Mengapa Pungli di Rutan KPK Kian Marak

Praktik pungutan liar merajalela di rumah tahanan KPK. Bukti buruknya pengawasan setelah revisi undang-undang.

Tempo

Minggu, 21 Januari 2024

MARAKNYA pungutan liar (pungli) di balik tembok rumah tahanan Komisi Pemberantasan Korupsi tak mungkin ditutupi lagi. Baunya telanjur menyeruak seperti amis di pasar ikan. Karena “ikan membusuk mulai dari kepala”, bersih-bersih di lingkungan KPK pun tak cukup dilakukan di lapisan pegawai rendahan. 

Dewan Pengawas KPK baru-baru ini menyidang 15 dari 93 pegawai KPK yang diduga terlibat praktik pungli sepanjang Desember 2021-Maret 2022. Praktik pemerasan itu terkuak setelah Dewan Pengawas menerima keluhan dari para tahanan dan keluarga yang menjadi korban. 

Rumah tahanan (rutan) KPK kini bak kebun beracun yang penuh ular berbisa. Agar selamat dari patukan berbahaya para penjaga, tahanan dan keluarga mereka harus merogoh kocek dalam-dalam. Demi mendapatkan hak-hak sederhana, seperti jam kunjungan dan fasilitas dasar di dalam penjara, mereka harus membayar Rp 1-500 juta. Menurut Dewan Pengawas, total uang yang diisap dari praktik pungli ini mencapai Rp 6,1 miliar.

Bukan hanya penjaga tahanan yang dilaporkan terlibat pemerasan. Kepala penjara KPK pun diduga turut serta dalam pesta uang hasil praktik pungutan liar. Tak ada kata risi atau malu lagi. Kepala rumah tahanan malah berlagak layaknya direktur yang membagi-bagikan saham haram perusahaan kepada anak buahnya. 

Terbongkarnya kasus pungutan liar ini mengkonfirmasi kabar kian terpuruknya integritas para pegawai berseragam “pejuang antikorupsi” itu. Pada masa kepemimpinan Firli Bahuri, yang baru-baru ini juga menjadi tersangka kasus korupsi, nilai-nilai moral di lingkungan KPK tampaknya lebih rapuh daripada jerami di tengah badai. Pemberantasan korupsi seolah-olah hanya berlaku di luar pagar institusi mereka sendiri—itu pun dengan jurus tebang pilih.

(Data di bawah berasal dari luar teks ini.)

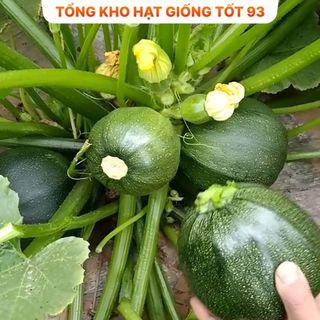 Hạt giống bí ngòi xanh năng suất cao hàng công ty Loại 1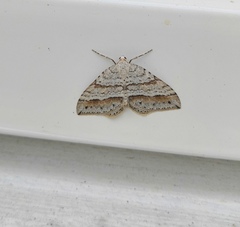 Perizoma parallelolineatum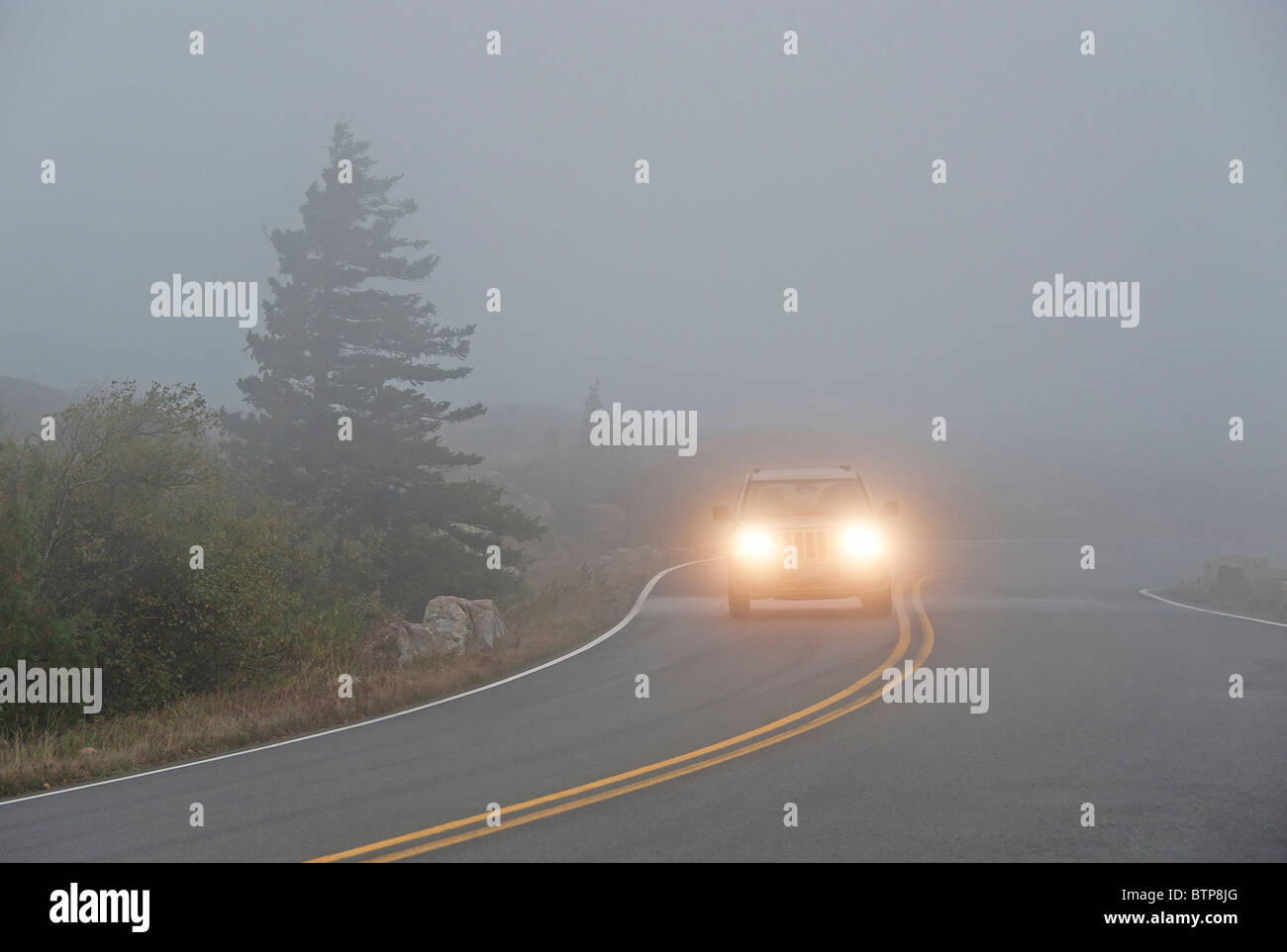 Car driving in heavy fog, Maine, USA Stock Photo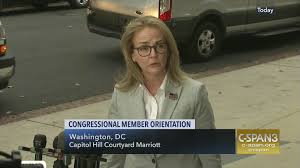 Representative Elect Madeleine Dean On The 116th Congress C Span Org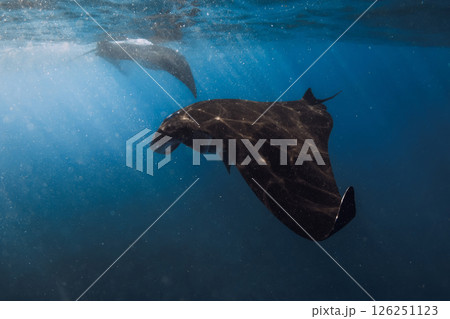 Manta rays swims in ocean. Snorkeling with sting ray fish in sea Manta rays swims in ocean. Snorkeling with sting ray fish in sea 126251123
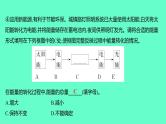 2024福建中考一轮复习 人教版化学 专题九　跨学科实践活动课件PPT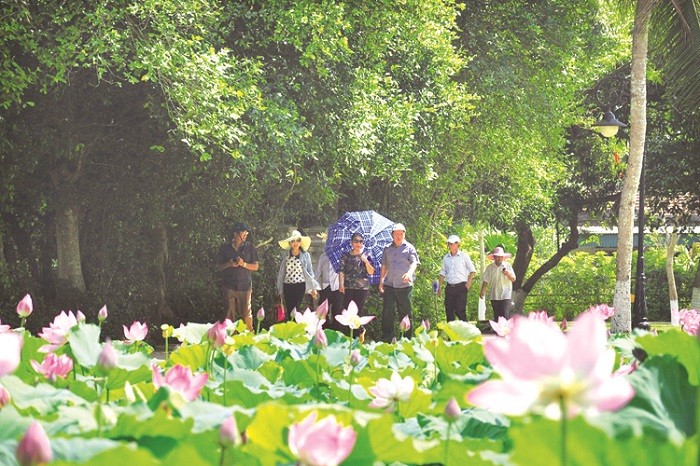 Đầm sen nở rộ tại Làng Sen vào tháng 5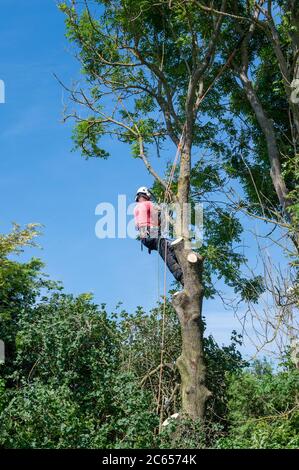 A Tree Surgeon or Arborist working up a tall tree using safety ropes. Stock Photo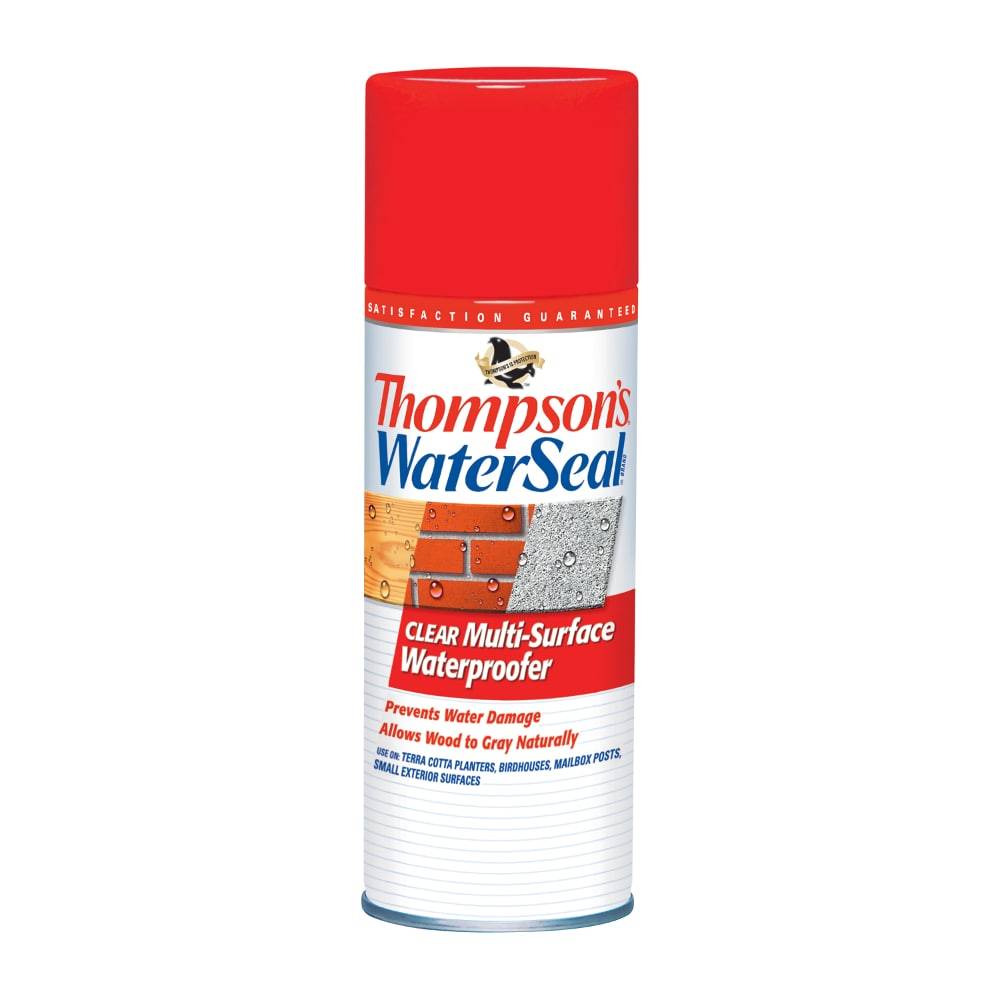 Thompson's WaterSeal Clear Flat Transparent Oil-based Exterior Waterproofer (12-oz) | TH.010100-18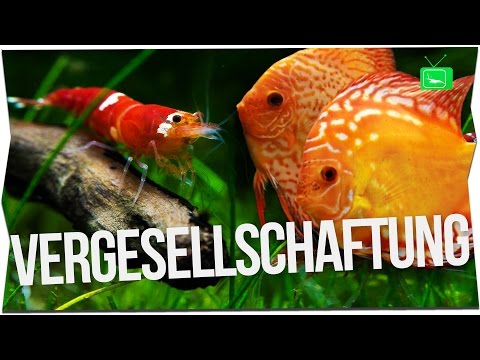 Video: Garnelen Und Fisch Vorspeise Fish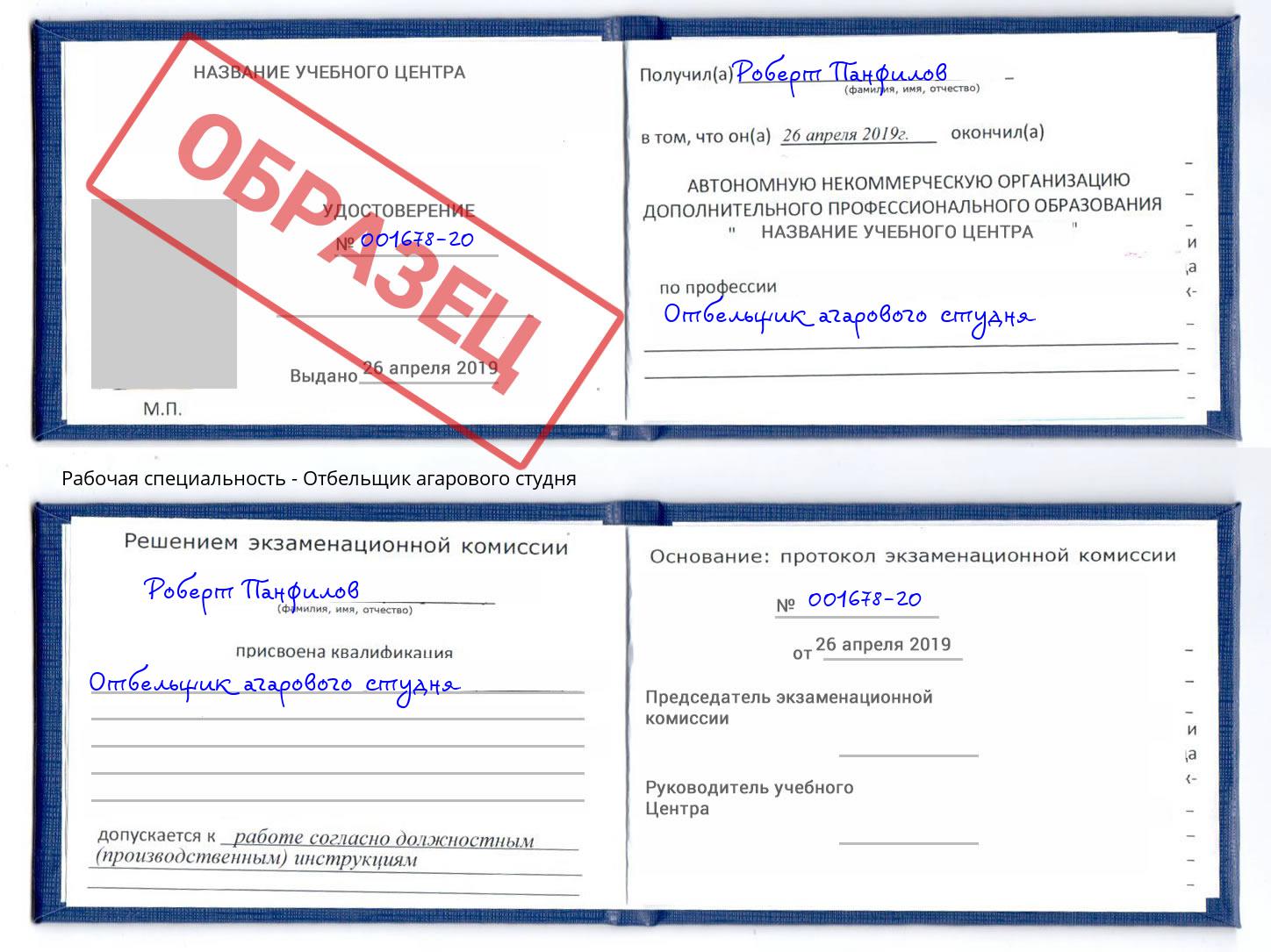 Отбельщик агарового студня Кинель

Terpuruknya integritas pegawai KPK bukan semata kesalahan individual. Itu buah revisi Undang-Undang KPK yang kontroversial pada 2019. Klaim pemerintahan Joko Widodo dan Dewan Perwakilan Rakyat memperkuat pengawasan internal dengan membuat Dewan Pengawas KPK tak lebih dari isapan jempol. Setelah KPK memiliki Dewan Pengawas, pelanggaran disiplin dan etika di lingkup internal lembaga antikorupsi itu justru kian menjadi-jadi. 

Perkembangan seperti itu sejatinya tidak mengejutkan. Berbekal senjata Undang-Undang KPK hasil revisi, Firli Bahuri telah menyingkirkan lebih dari 50 pegawai KPK yang dikenal berintegritas dan memegang teguh etika. Mereka dibuang dengan dalih tidak lulus tes wawasan kebangsaan ketika semua pegawai KPK dipaksa beralih status menjadi aparatur sipil negara biasa. 

Sejak penyingkiran besar-besaran pegawai berintegritas itu, bau busuk dari lingkungan KPK makin sering menguar. Rumah tahanan KPK kini tak lebih dari cabang penjara pada umumnya: berlepotan dengan praktik pungli bahkan korupsi.

Tak mudah memulihkan kehormatan lembaga yang terkoyak parah. Bila eksistensinya masih mau dipandang berfaedah, Dewan Pengawas harus mengambil langkah tegas. Persidangan etika yang terbuka adalah kuncinya. Semua yang terlibat dari bawah sampai puncak piramida pungli harus dihukum setimpal dengan kesalahannya. Bila tidak, penjara KPK akan terus menjadi sarang “ular berbisa”.